Alice Hoffman true believers will thrill to “The Marriage of Opposites,” which contains all her familiar tropes: powerful, passionate women who stand up to oppressive circumstances; supportive sisters and female friends; lush natural worlds; spells, magic, and enchantment; true love; and a densely woven tapestry of prose, threaded with recurring images and symbols.
Hoffman has elaborated these tropes across the trajectory of an impressive career (this is her 34th novel). Her fiction has long balanced between real and mythical. “At Risk” (1988) was one of the first novels about AIDS, and “Illumination Night” (1987) and “Turtle Moon” (1992) are triumphs of American magical realism. She soon added history to the mix, taking her patented brand of women back in time and across generations. Most recently, her fiction has addressed the Jewish historical experience: Masada in “The Dovekeepers” and the fires at the Triangle Shirtwaist Factory and Coney Island’s Dreamland in the wonderful “The Museum of Extraordinary Things.”

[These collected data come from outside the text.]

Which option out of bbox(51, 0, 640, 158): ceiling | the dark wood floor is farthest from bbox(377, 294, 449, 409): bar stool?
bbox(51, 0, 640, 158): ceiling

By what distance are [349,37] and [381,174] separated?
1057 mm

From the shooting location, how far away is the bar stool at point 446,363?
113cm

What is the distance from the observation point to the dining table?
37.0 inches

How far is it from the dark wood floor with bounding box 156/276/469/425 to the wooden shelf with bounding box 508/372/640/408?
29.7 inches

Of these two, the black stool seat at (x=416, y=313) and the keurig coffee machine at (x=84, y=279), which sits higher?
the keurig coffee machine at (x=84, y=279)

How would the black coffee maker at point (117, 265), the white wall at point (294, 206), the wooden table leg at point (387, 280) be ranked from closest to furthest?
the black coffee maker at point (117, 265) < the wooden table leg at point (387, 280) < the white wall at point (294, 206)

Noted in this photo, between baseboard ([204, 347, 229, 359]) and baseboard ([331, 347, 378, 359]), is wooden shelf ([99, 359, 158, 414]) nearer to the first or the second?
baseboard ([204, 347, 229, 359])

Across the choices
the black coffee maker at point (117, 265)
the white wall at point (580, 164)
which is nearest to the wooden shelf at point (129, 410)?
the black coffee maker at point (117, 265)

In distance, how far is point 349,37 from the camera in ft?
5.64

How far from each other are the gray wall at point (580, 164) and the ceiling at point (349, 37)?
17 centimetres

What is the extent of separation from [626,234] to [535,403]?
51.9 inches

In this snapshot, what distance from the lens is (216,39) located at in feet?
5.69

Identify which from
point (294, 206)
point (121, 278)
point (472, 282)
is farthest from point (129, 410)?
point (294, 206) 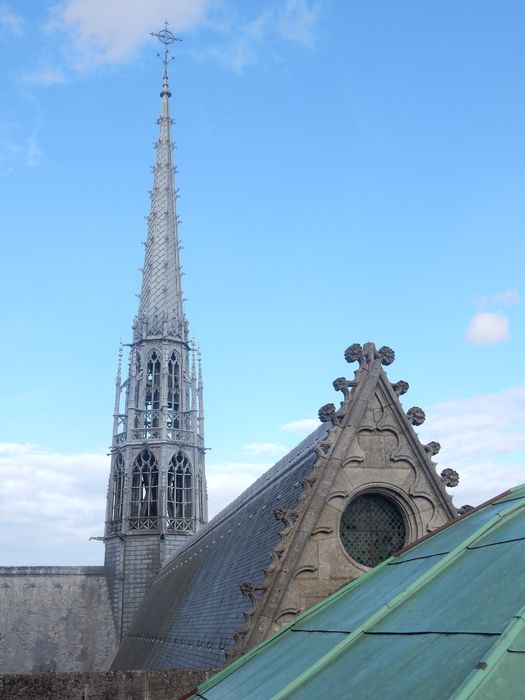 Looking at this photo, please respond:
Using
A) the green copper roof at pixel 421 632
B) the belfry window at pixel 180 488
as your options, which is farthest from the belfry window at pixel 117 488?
the green copper roof at pixel 421 632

In “The Marriage of Opposites,” Hoffman turns to actual historical figures, namely Rachel Pomie Petit Pizzarro and her son, the Impressionist artist Camille Pissarro. Whether or not Rachel actually resembled a Hoffman character, Hoffman has made her one. Born into the rigidly respectable early-19th-century Jewish community of St. Thomas, Rachel, the daughter of a harshly judgmental mother, chafes at her limitations, learns to read in her sympathetic father’s library, collects magical local stories, feels the presence of ghosts, and yearns for Paris. From the book’s first pages to its last, her boon companion is Jestine, daughter of her family’s black maid and an unknown father (whose identity will be evident to alert readers hundreds of pages before its revelation).
Plot is one challenge of writing fiction about real people, and the stories of Rachel and Camille unfold more as chronicle than narrative. Rachel’s parents marry her off to an older widower with three children; she has three more children, and her husband dies. She then falls scandalously in love with her husband’s nephew, with wshom she has a disputed marriage and more children, including Camille, before battling her way back to respectability. Over the course of these events, Rachel evolves from rebel to oppressor, as the novel’s conflicts and relationships repeat themselves across new generations.

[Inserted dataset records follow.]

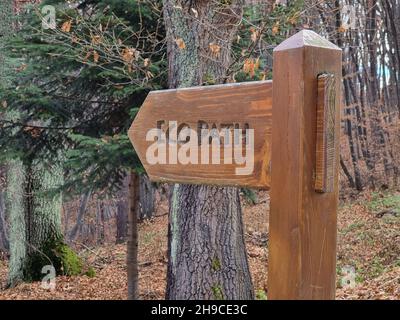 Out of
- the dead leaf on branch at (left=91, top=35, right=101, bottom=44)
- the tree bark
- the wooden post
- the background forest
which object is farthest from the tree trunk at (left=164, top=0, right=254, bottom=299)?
the tree bark

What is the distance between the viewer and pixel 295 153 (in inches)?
57.8

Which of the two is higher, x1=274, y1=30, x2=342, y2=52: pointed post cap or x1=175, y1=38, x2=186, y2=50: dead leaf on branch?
x1=175, y1=38, x2=186, y2=50: dead leaf on branch

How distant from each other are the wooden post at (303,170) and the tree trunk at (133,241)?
16.3 ft

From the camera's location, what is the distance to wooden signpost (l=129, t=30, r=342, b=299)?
1465 mm

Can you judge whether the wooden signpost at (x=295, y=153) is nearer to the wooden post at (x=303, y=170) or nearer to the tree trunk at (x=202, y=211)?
the wooden post at (x=303, y=170)

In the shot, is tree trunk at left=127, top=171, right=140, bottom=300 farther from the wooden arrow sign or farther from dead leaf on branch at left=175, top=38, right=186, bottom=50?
the wooden arrow sign

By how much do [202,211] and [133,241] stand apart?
2.32 m

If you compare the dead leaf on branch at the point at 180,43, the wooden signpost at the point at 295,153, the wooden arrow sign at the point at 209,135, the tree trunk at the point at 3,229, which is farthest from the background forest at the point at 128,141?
the tree trunk at the point at 3,229

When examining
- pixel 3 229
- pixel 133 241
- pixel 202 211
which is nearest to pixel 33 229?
pixel 133 241

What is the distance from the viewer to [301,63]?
1477 mm

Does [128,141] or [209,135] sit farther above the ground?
[128,141]

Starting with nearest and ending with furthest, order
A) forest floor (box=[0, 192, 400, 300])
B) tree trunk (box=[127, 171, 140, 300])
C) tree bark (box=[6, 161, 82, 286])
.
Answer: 1. tree trunk (box=[127, 171, 140, 300])
2. forest floor (box=[0, 192, 400, 300])
3. tree bark (box=[6, 161, 82, 286])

In an afterword, Hoffman notes that while “Rachel Pizzarro’s life in my imagined story mirrors the known facts about her as closely as possible . . . The stories of the Pizzarros’ West Indian employees, neighbors, and friends are invented.” Here, alas, “The Marriage of Opposites” falters. The most vivid characters Hoffman invents are four black women: Jestine; her mother, Adelle; her daughter, Lydia; and Rosalie, the maid Rachel inherits from her first husband’s first wife. While Rachel herself is prickly to the point of unpleasant, Jestine, Adelle, Lydia and Rosalie are paragons: They cook the most delicious meals, sew the most beautiful dresses, surround Rachel with material and emotional support, and love faithfully (if often tragically).

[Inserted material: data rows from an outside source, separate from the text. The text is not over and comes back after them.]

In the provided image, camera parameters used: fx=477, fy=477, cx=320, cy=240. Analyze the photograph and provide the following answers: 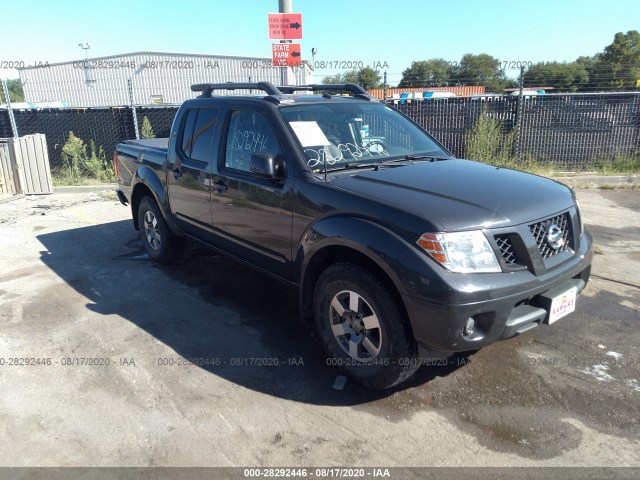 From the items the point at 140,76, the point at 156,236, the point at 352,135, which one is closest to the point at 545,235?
the point at 352,135

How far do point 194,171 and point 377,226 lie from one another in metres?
2.33

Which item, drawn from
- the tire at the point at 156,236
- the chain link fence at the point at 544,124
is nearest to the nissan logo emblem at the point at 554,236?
the tire at the point at 156,236

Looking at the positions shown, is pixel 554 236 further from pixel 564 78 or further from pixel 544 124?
pixel 564 78

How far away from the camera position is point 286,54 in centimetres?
881

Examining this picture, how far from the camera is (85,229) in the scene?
7367 millimetres

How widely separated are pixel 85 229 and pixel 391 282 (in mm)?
6053

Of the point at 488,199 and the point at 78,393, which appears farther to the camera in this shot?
the point at 78,393

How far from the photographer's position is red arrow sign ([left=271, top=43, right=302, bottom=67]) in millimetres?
8750

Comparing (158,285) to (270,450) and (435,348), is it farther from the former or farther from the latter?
(435,348)

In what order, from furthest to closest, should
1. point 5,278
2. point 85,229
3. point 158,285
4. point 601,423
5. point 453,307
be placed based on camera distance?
point 85,229
point 5,278
point 158,285
point 601,423
point 453,307

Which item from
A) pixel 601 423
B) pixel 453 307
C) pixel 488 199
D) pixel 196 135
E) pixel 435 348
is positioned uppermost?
pixel 196 135

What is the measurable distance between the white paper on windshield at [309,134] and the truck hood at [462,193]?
39 centimetres

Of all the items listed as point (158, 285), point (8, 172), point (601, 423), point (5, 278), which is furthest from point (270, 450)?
point (8, 172)

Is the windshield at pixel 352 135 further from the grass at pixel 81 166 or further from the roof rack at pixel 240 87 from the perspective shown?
the grass at pixel 81 166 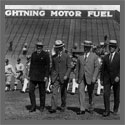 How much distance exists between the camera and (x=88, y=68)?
9.51m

Most importantly, they are impeccable mothers — of their own children and, especially, of the white children they care for by necessity and choice. Where the novel’s white mothers — Rachel, her mother, her mother’s best friend, her adopted brother’s wife — make their children suffer in the name of their own selfish conflicts between love and scruples, black women step in as their idealized substitutes. Although Hoffman’s white characters explicitly (and sometimes tendentiously) stand up for equality and the rights of women, slaves, and the working class, these tired stereotypes of black women (see: “Gone with the Wind,” “The Help,” et al) do little justice to those principles.
“The Marriage of Opposites” can feel stylistically tired as well. Hoffman beautifully evokes the tropical lushness of St. Thomas and the emergence of Camille’s artistic career. Often, however, her incantatory reiterations seem forced. Characters and places reappear (everyone keeps stumbling upon a talismanic elderly herb man and his hidden cabin), and patterns (tragic love stories, illegitimate children, specious adoptions) and images (birds, ghosts, “ghosts turned into birds,” witches, donkeys, turtles, rain, lavender sachets, physical and emotional fevers, and dreams, so many dreams) recur to the point of banality.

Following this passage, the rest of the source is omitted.